→ **WHAT YOU NEED TO DO**:
Please retype the listing below exactly as it stands, skipping any pictures.

→ **INPUT DATA**:
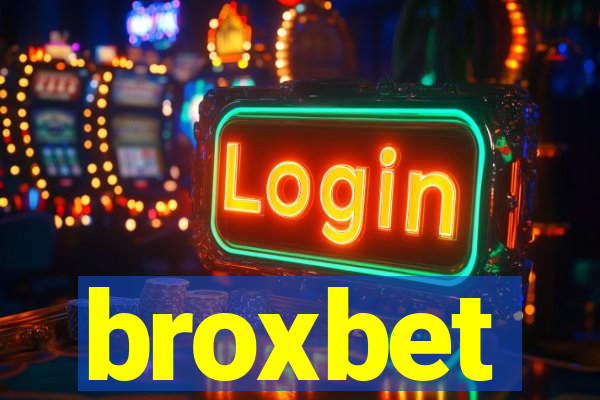 broxbet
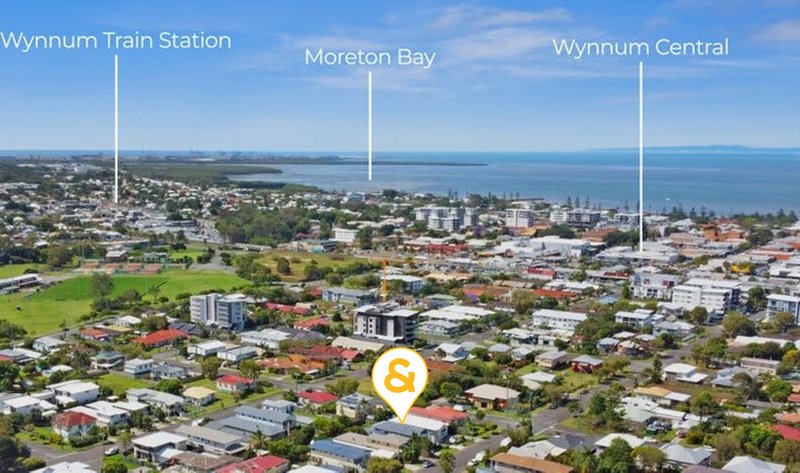 Photo - 79 Besham Parade, Wynnum QLD 4178 - Image 3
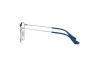 Eyeglasses  RY 1053 (4082)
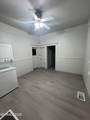 330 Stewart Street - Photo 8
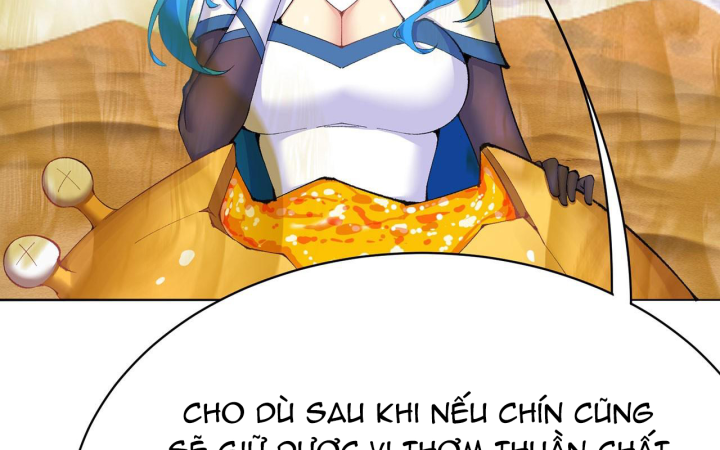 Ta Nhặt Được Thuộc Tính Tại Tu Chân Giới Chapter 361 - Trang 2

→ **TASK RESPONSE**:
 broxbet
 Photo - 79 Besham Parade, Wynnum QLD 4178 - Image 3
 Eyeglasses  RY 1053 (4082)
 330 Stewart Street - Photo 8
 Ta Nhặt Được Thuộc Tính Tại Tu Chân Giới Chapter 361 - Trang 2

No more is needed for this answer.